With the worldwide interest and TV coverage they now command, it is easy to forget that as recently as 1972 the future of the Winter Games seemed very much in doubt. Many influential people including the late International Olympic Committee President Avery Brundage, felt that the games had ''served their purpose'' of building up interest in winter sports and that it was time to discontinue them. But current IOC President Juan Antonio Samaranch, in his opening address here, made it clear that the committee is on the opposite track now.

''Contrary to the idea which was widely spread a few years ago, the Winter Games are not about to be discontinued,'' he said. ''The IOC intends to make them more brilliant and more important.''

To better appreciate and understand the Winter Olympics, meanwhile, the fog may need to be lifted or the record set straight in several other areas.

False notion: 70 and 90-meter ski jumps are designated that way because of the height of the ramps.

Not really. The measurements refer to the relative distance of the jumps off these separate structures. The two jumps at the Igman plateau here in Sarajevo actually have vertical drops of 432 and 630 feet. The difference is that off the smaller of these the competitors are started at a point that will yield an average jump of 70 meters. Off the larger jump, the ramp or in-run is of sufficient length to permit a jump in the neighborhood of 90 meters.

False notion: the US hockey team beat the Russians to win the the 1980 gold medal.

Partly true. The victory over the Soviets in the next-to-last game put the Americans in command, but they still had to beat Finland two days later, a fact that is sometimes forgotten. The hockey competition entails a series of games, beginning with a round robin that determines which teams advance into the medal round. In 1980 the United States was 6-0-1 overall, tying Sweden in the opener.

False notion: it takes a genius to ski through the confusing maze of gates in the slalom event.

Not exactly, although the impression is understandable. Telephoto camera lenses makes gates appear to be right on top of one another. They really are more spaced out than they seem. Then, too, a pattern of attack is followed by the skier, who alternately negotiates gates with red flags and those with blue, cutting between the two poles that make up each gate. Bendable plastic poles encourage skiers to knock down the inside pole as they make a bee-line down the mountain.

False notion: the Soviet Union has dominated the Winter Olympics.

This is true enough if you count one specific period, from their entry into the competition in 1956 through the present. They didn't win the most medals last time, though; that honor went to the East Germans with 23. And in the overall standings Norway still leads with 152 total medals, followed by the USSR with 140, and the United States with 106, and then Austria, Finland, Sweden, and East Germany, in that order.

False notion: duplicate medals are never awarded in Olympic competition.

Wrong. In 1968, three American speed skaters - Diane Holum, Jennifer Fish, and Mary Meyers - finished with identical times in the 500 meters. Each received a silver, second-place medal. Duplicate golds, incidentally, probably should have been awarded in 1980 to Finnish cross-country skier Juha Mieto, who finished one hundredth of a second behind Swedish winner Thomas Wassberg in the 15-kilometers or 9.3-Mile race.

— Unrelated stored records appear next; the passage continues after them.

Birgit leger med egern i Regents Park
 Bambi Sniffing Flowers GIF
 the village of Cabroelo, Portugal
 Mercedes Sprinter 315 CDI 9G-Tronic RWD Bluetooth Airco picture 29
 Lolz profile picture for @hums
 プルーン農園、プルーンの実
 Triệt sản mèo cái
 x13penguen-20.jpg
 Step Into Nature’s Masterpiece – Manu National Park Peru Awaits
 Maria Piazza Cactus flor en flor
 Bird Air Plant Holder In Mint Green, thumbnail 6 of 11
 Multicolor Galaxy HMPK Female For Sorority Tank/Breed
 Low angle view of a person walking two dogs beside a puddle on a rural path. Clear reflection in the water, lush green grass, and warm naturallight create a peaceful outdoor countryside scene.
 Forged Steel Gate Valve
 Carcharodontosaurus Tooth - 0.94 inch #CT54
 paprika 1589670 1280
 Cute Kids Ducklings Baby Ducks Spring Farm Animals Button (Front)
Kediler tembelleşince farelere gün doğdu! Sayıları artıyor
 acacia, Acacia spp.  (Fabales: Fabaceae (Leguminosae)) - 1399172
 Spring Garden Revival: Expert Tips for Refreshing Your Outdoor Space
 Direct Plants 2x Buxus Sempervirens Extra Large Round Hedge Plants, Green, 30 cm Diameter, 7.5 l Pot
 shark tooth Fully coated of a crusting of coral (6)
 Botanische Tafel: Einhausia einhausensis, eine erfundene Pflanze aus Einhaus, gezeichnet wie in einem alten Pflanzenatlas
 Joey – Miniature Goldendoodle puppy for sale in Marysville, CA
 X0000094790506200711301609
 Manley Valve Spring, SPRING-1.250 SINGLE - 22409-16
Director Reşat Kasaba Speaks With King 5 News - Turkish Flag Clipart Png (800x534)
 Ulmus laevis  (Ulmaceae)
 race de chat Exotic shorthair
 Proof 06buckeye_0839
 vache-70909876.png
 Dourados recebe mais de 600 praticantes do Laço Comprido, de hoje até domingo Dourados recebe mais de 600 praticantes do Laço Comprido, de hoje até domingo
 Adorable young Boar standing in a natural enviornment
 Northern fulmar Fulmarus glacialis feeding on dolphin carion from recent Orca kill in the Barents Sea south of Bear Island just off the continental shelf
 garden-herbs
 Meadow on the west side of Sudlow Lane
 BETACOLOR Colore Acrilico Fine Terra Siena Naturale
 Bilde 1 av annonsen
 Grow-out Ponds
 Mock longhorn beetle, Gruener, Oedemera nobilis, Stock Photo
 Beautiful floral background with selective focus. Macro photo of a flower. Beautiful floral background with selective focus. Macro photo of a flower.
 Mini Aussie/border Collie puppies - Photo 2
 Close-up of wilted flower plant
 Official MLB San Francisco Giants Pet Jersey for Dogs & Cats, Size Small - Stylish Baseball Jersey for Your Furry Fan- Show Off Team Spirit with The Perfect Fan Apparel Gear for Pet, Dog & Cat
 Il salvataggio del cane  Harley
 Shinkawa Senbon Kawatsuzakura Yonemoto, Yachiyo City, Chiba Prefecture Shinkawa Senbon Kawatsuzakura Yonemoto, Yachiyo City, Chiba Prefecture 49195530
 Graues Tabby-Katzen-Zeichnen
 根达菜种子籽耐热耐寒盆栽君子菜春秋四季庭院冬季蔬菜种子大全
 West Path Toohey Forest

False notion: one fall in the free skating program and a competitor can generally forget about winning a medal.

Not necessarily. If a skater catches a blade, goes down, and pops right up with little loss of continuity, the scoring deduction is fairly minimal. Depending on the level of competition, a singles skater may overcome such a slip , especially if it occurs attempting a spectacular move. The task is more difficult, though, for pairs and ice dancing couples, since two people normally can't regroup as quickly as one.